* INSTRUCTIONS TO FOLLOW
Write out exactly, and only, the lines below from the line with "Cycle Boutique Tops" through the line with "Стикер 13 aesthetic"; pictures do not belong in the copy.

━━━━━ DATA EXCERPTS ━━━━━

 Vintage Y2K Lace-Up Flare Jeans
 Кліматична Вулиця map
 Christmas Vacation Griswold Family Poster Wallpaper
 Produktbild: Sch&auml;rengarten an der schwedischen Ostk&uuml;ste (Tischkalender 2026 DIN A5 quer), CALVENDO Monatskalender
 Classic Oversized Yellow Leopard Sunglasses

━━━━━
━━━━━ DATA EXCERPTS ━━━━━

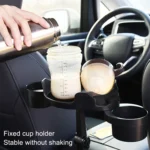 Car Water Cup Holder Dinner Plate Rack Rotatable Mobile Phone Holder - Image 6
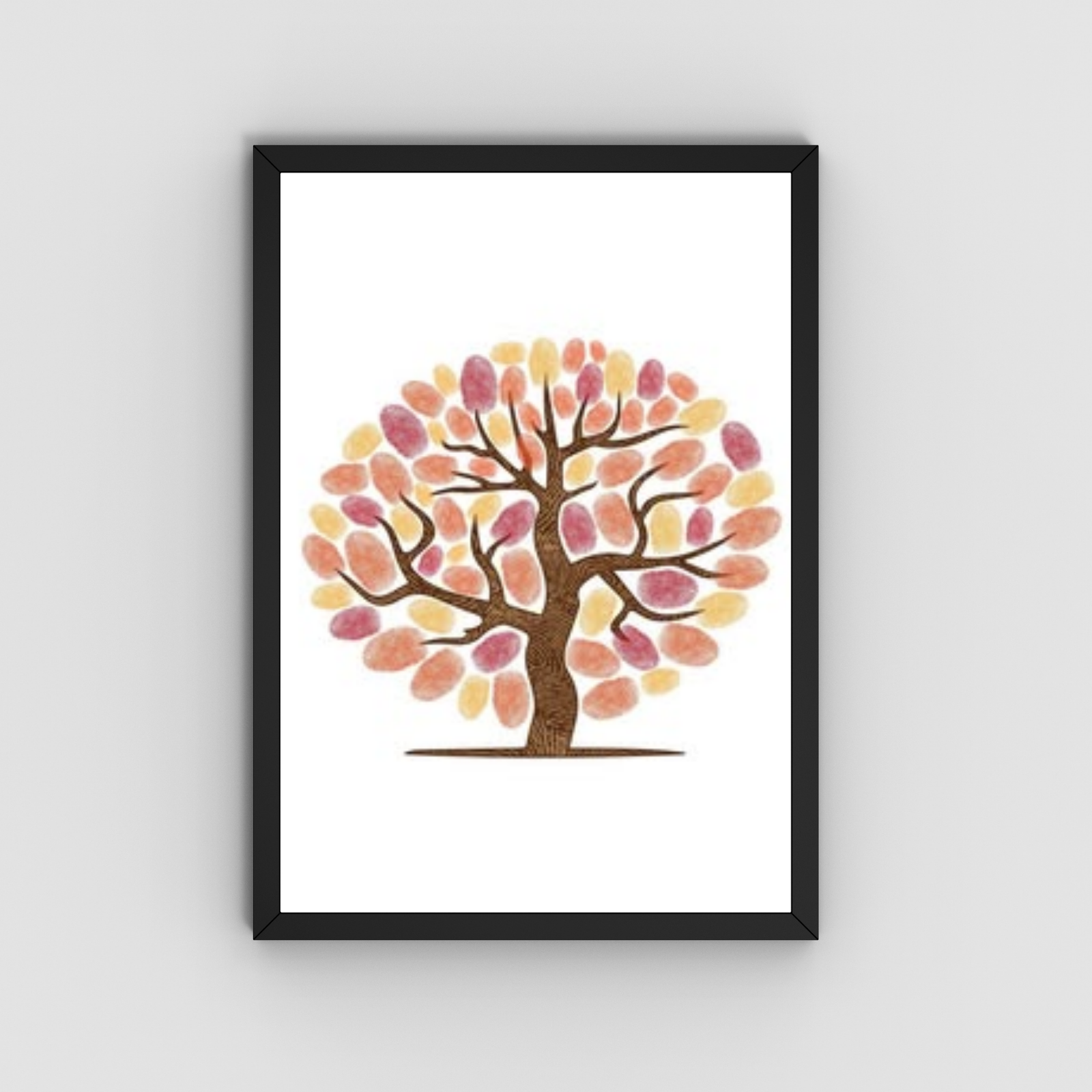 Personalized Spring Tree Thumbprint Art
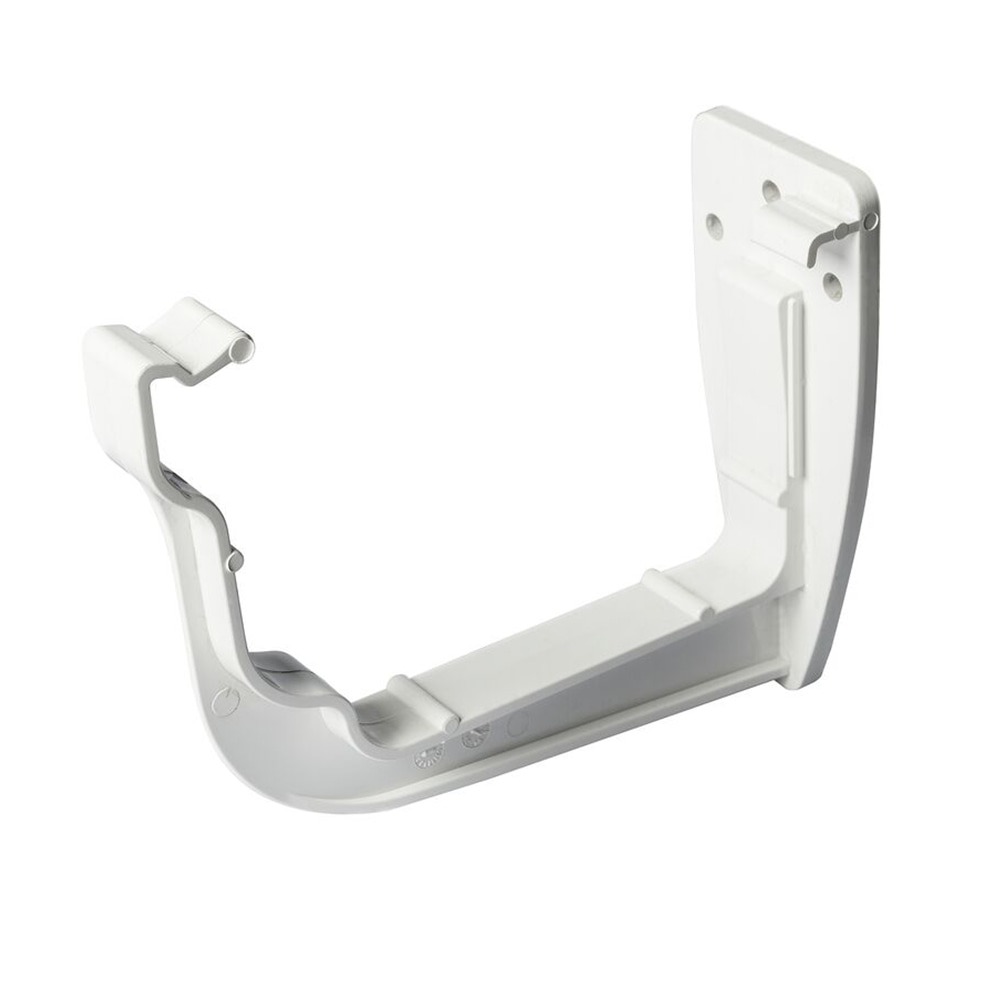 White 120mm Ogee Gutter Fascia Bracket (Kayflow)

━━━━━
━━━━━ DATA EXCERPTS ━━━━━

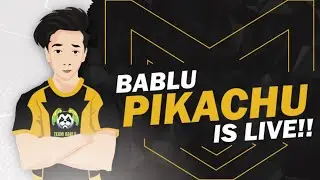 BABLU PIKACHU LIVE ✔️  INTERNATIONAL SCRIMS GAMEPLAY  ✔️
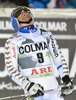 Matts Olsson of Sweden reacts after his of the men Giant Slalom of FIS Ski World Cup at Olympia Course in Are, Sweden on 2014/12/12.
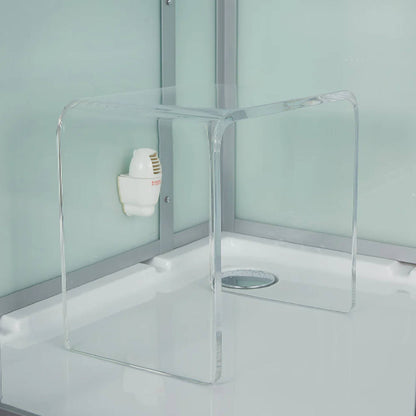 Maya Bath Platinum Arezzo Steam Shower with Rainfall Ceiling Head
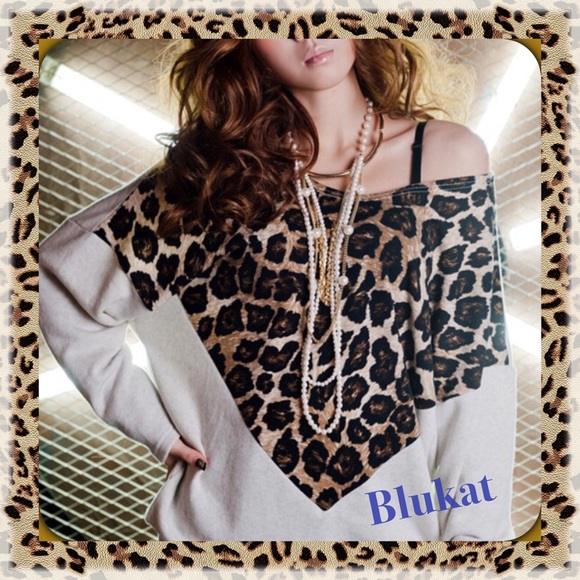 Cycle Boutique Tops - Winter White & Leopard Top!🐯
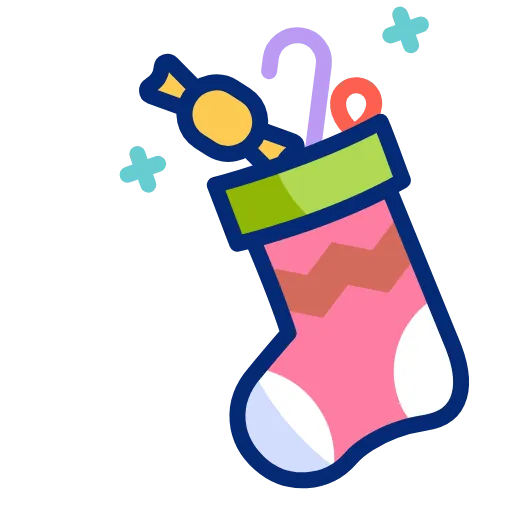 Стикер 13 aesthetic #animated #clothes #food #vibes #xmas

━━━━━

* SOLUTION TO THE EXERCISE
 Cycle Boutique Tops - Winter White & Leopard Top!🐯
 Стикер 13 aesthetic #animated #clothes #food #vibes #xmas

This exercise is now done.